I've got a question for anyone with the knowledge. I have an opportunity to buy about 10 lbs of kosher salt at 0.89/lbs. My question is, is buying kosher salt worth it, instead of buying iodized salt? I use kosher to make my bacon and I know you can use it in cooking, I'm just not sure if I should worry having kosher salt around. Thanks for any information given


----------



## IlliniWarrior (Nov 30, 2010)

wow $.89/lb is kind of expensive for the larger amount .... a 4lb box off the grocery shelf is a little over $2 ....


----------



## ntvtxn (Jul 19, 2012)

Don't know where my head is.

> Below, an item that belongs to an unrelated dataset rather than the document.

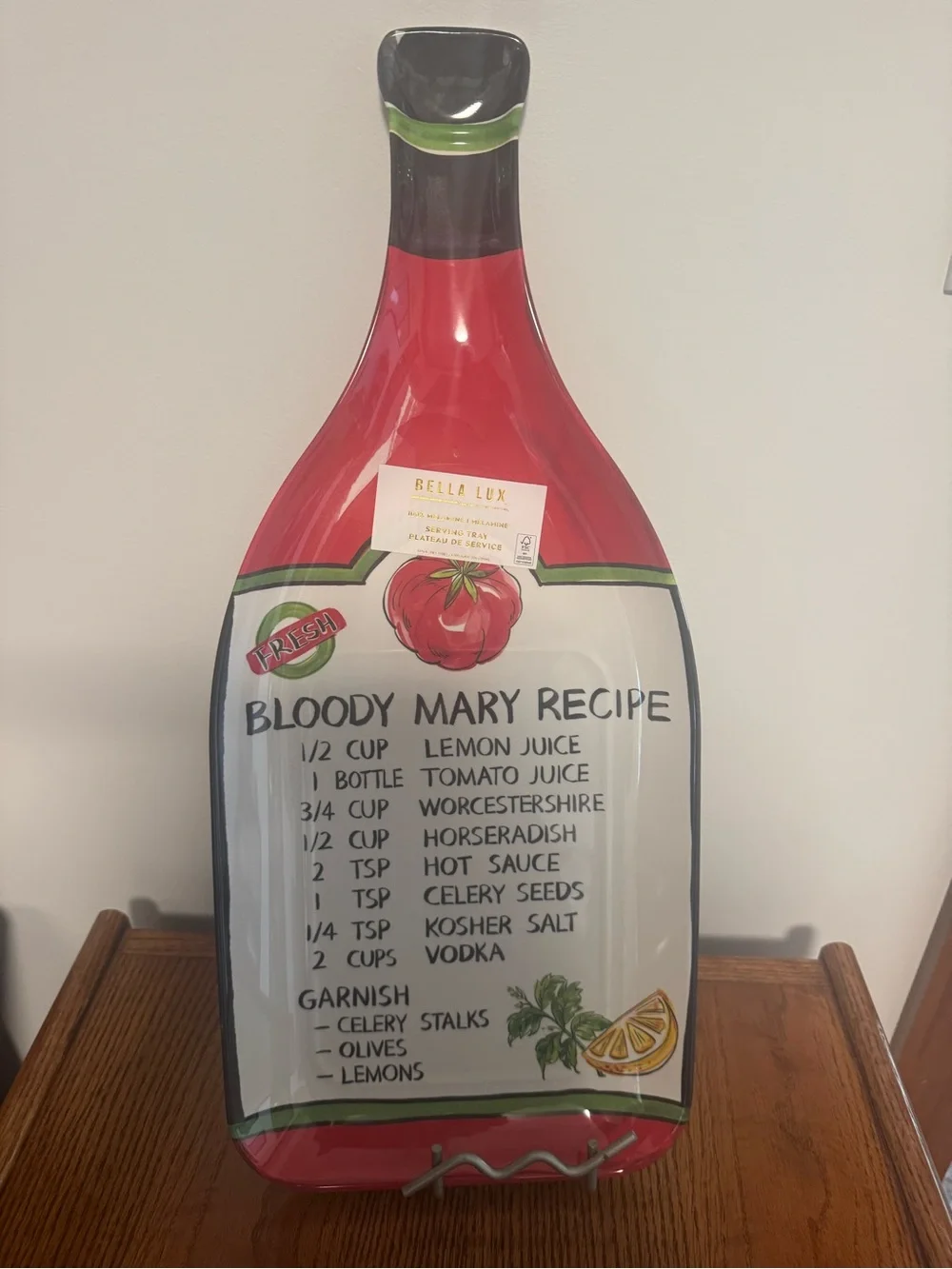 BELLA LUX “BLOODY MARY” BRUNCH RECIPE MELAMINE LG SERVING PLATTER NEW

It is the 4 lbs box.


----------



## marlas1too (Feb 28, 2010)

don't know about kosher salt but i do buy 100% solar salt (sea salt) that they use for salting walkways for 4.50 for 25# same as sea salt and i use it in my salt grinders but if you look around i'm sure you can find a better price for kosher salt


----------



## The_Blob (Dec 24, 2008)

http://davidgrotto.wordpress.com/2011/03/16/natural-food-sources-of-iodine/

If 1/4 tsp (1500mg) seems excessive, don't worry, it's not. In fact, a LOW SALT diet is designed to still provide 2500mg of the stuff.


----------